むしろ問題なのは、俺の夢を笑った信清だ。

九州を橋頭保に、朝鮮から明・天竺までも制覇してやろうと言う俺の野望。

アイツめ、不可能だと失笑しおって……。


まあ、ちゃんと話を聞くと確かに厳しいとは思ったが。

理を感じつつも、笑われたことに憤慨して殴り合ってしまった。

やれやれ、もう我らも若くないと言うのにな。



* * *



天下統一の総仕上げ、九州征伐には俺も参陣した。

無論、アイツも一緒にな。


思えばアイツと轡を並べて戦に出た回数は、実はかなり少ない。

それだけ信頼していたと言う事だが、今思うと惜しい事をしたやも知れんな。

しかし最初と最後は共に。

親友たる我らに相応しいと言えよう。



それなのにアイツときたら、さっさと引退するなど。

許せる訳が無い。

これからの国の有り様を考えるのに、むしろ俺以上に必要であろう。


そんなことを言う奴は、死ぬまで扱き使ってやるわ!



実質的に天下を治めた俺に、最早敵は居ない。


室町将軍たる足利義助も、大人しく自ら将軍位を返上した。

しかし足利義昭と言う比較対象が居るせいか、義助がとても良い奴に見えるな。

奴は足利宗家として、せいぜい優遇してやろう。


あとは信清主導で、南北の開拓を促進。

蝦夷地や琉球などを手中に収めた。

今後は更に北方や、西方・南方にも手を伸ばすつもりらしい。


俺は政治面を充実させるべく、太守制の導入などを進めさせた。

そして朝廷や寺社の保護だな。


因みに朝廷に対しては官位の申請を始め、特に何も働きかけはしていない。

逆に院領の回復など、天皇に直結する要望は素直に聞いておく。

一部を除き、公家どもの要望は無視する。


いつか信清が言っていたが、無言の圧力とは恐ろしいものだ。

こちらが何も言わずとも三職を提示してきたわ。


まあ、俺としては公家どもは潰れても構わんのだがな。

だがせっかく提示してくれたのだ。

有難く頂戴しておこう。



俺は遂に、征夷大将軍に就任した。



* * *



当初は平家として太政大臣とも思ったが、清盛入道のようになるのは御免だからな。

関白も、まあ朝廷の職に食い込むのは余り宜しくないとアイツも言っていた。


平家として、将軍に就任するには異論もあったようだ。

だが提示したのは向こうだ。

押し切った。


天下を取ったのは、桓武平氏の織田家である!

今更、足利や斯波の養子になるなど有り得んわ。



……長いようで、あっと言う間だった。


幼少の折、従兄の前で天下を取ると宣言したあの日。

多くの一族の力を糾合し、日ノ本全土を駆け抜けた日々。

そして遂に、皆の力で天下統一を成し遂げた。


漠然と、己が将軍になって天下を睥睨してやると思っていた。

それが現実になった今、俺は感動に打ち震えている。


それもこれも、全ては隣で微笑む親友のお陰。



だが、いくら言っても隠居願いは受理せんぞ!



………。


……。


…。



* * *



「信清!居るか?」


「あーはいはい、居るよ。

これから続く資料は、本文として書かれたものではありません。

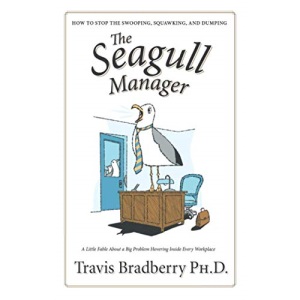 The Seagull Manager: How to stop the swooping, squawking, and dumping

朝っぱらから何だよ。飯食ったんか?」


信長は、信清の屋敷に到着するや彼の部屋へ直行する。

勝手知ったる友の家。

周囲の家臣らも、慣れてしまって止める者は居ない。


そして文句を言いつつも、朝食を差配する信清。

邪険な物言いも既に口だけだ。


「うむ。この書物の感想と思ってな。」


「まじで一晩で読みやがったコイツ!?」


「ふ、当然だ。まさか貴様、読み終えてないなどと……」


「終わる訳ねぇーだろーがぁーっ」


全力で読破に注力した信長は、今朝がた読み終えてすぐにやってきた。

なのに、信清が読み終えている筈が無い。

判ってて言っている信長は、実にご満悦の様子。


やいのやいのとじゃれ合う二人に、周囲の者は生温かい視線を注ぐのであった。


信清の削られた精神に止めを刺すのは、間違いなく信長である。

終焉の時は近い……。



以上でご要望頂いたり、書こうと思ったオマケは概ね完了です。

年表は軸からして無理そうですので、何とぞご容赦下さい。